土屋孝元のお洒落奇譚。ギンザ・グラフィック・ギャラリーで
『ロトチェンコ展』を見る。
(2012.04.07)
『ロトチェンコ・彗星のごとく、ロシア・アヴァンギャルドの寵児展』
友人の授賞式へ向かう途中、銀座にて『ロトチェンコ・彗星のごとく、ロシア・アヴァンギャルドの寵児展』を見る。
アレクサンドル・ミハイルヴィッチ・ロトチェンコ:ロシアンアヴァンギャルドまたは、ロシア構成主義とも言われる一連の作品を残した作家集団の1人です。彼の雑誌広告、ポスター、パッケージデザイン、写真などに彼らしいデザインセンスと当時のソ連やプロパガンダ広告の様子がうかがわれました。
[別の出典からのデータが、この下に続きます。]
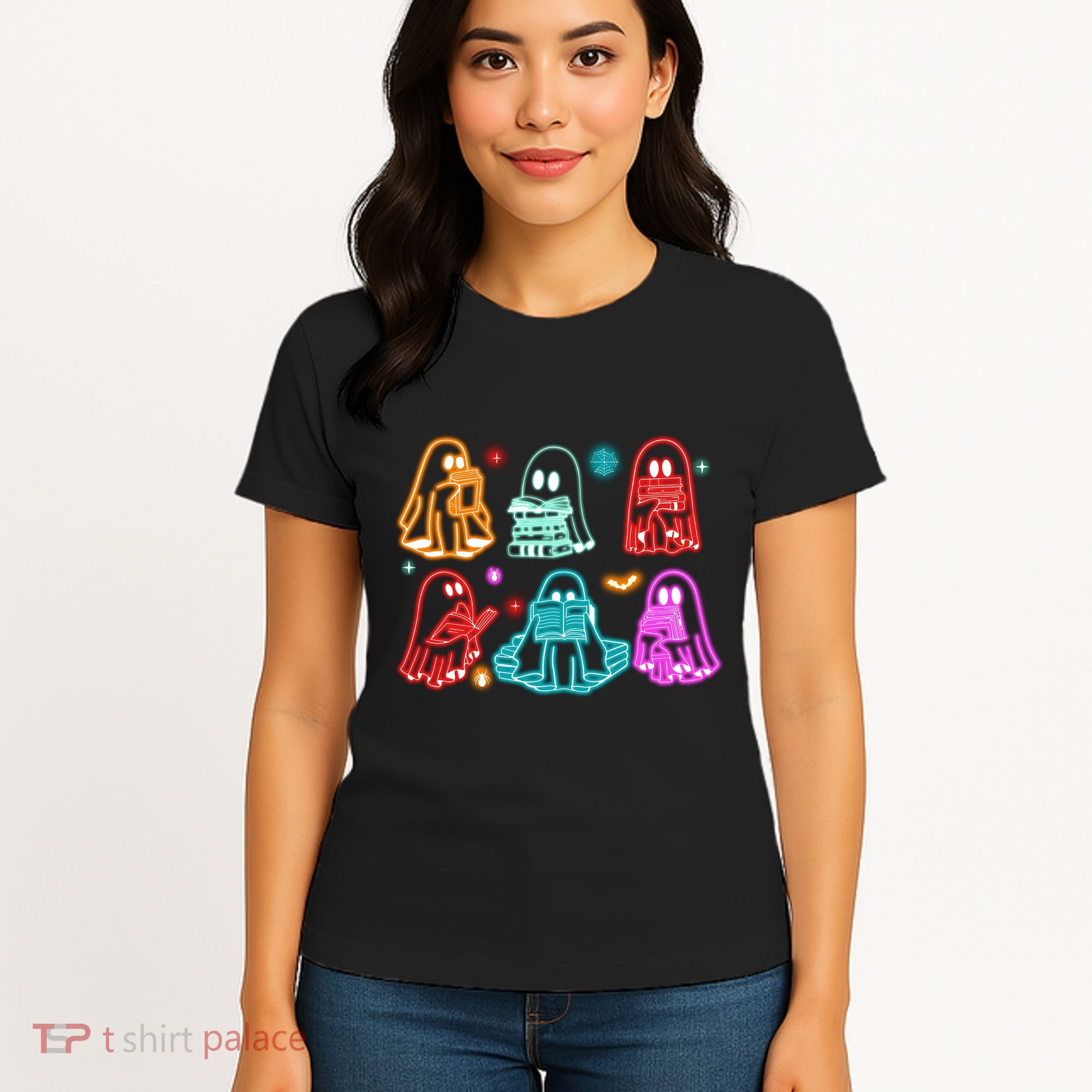 Halloween Neon Ghost Reading Books Spooky Season Women's T-Shirt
今見ても斬新なデザイン、タイポグラフィ、で赤と青の二色でも十分に表現できるのだなと感心させられます、いまは何でもパソコンで出来てしまうので恵まれすぎかもしれませんね。この時代、飛行機が登場し、デザイン要素としても面白い素材表現でロトチェンコが制作した航空会社の雑誌広告やポスターには独特の飛行機が登場してメインビジュアルの一つになっていました。
他の作品にもこの飛行機がたびたび登場してきます、彼にとってはプロペラが回る様子やフォルムが面白かったのかもしれません。
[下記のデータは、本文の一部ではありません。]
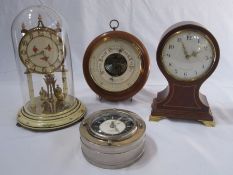 20th century barometer, a Comitti of London mantel clock and two other clocks (1 box)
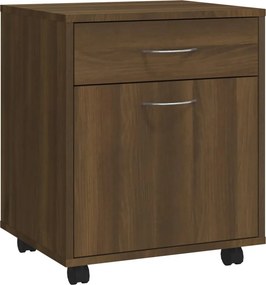 vidaXL barna tölgy színű szerelt fa kerekes szekrény 45 x 38 x 54 cm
彼はモノクロ写真でも同じようなイメージで撮影していて、そのトリミングや構図にて構成主義的な人物の集合写真や建物の陰影にて構成した写真など いまも新鮮な表現です。
イメージに統一感ある展示方法。
銀座の『ggg ギンザ・グラフィク・ギャラリー』にはこの日が最終日にもかかわらず、大変な人出でなかでも年齢層の若いデザイナーか学生さん達が真剣な表情でロトチェンコの作品群を見ていたのが印象的でした。
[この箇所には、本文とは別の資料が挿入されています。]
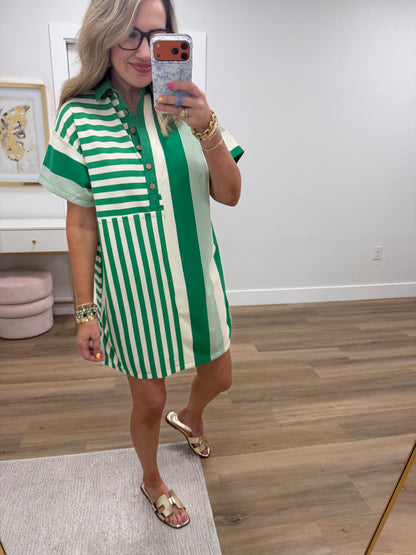 Kelly Green Mixed Stripe Collared Mini Dress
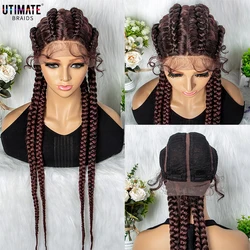 32 inches Large Four Braid Lace Wig for Black Women Braided Wig  Full Lace Box Braids Wig Women Synthetic Braided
彼らにとってはデザインを志す頃にはパソコンがあり、Photoshopで写真を加工したり、フォントも自分で一から作ることはなく……、イメージはインターネット資料やストックフォトの中から探すという感じではないでしょうか。
一歩譲って、まだ構成やカタチの外形ラインやフォルムは良しとしましょう、色についてはパソコンのIllustratorやphotoshopがあれば、カラーパレットより選ぶだけで大抵の色の組み合わせは完成されてしまいます、僕達の学生時代にはポスターカラーやガッシュで色を作り自分なりの微妙な色彩を競うように表現していたのとはずいぶんと違います。
まあ、使えるものは上手く使えば良い訳でこのために最近の人達に色感が悪い人がいるとは言い切れません。
ロトチェンコは自分の広告作品を制作するにあたり簡単な下書き、エスキースを描いています、その完成度の高いエスキースを見てみるとだいたいの仕上がりの様子がイメージできています、このエスキースやラフスケッチ作業は自分の考えをまとめる為には役にたち、漠然としたイメージを手を動かすことでまとめていくのには必要な手順だと思うのですが、如何でしょう。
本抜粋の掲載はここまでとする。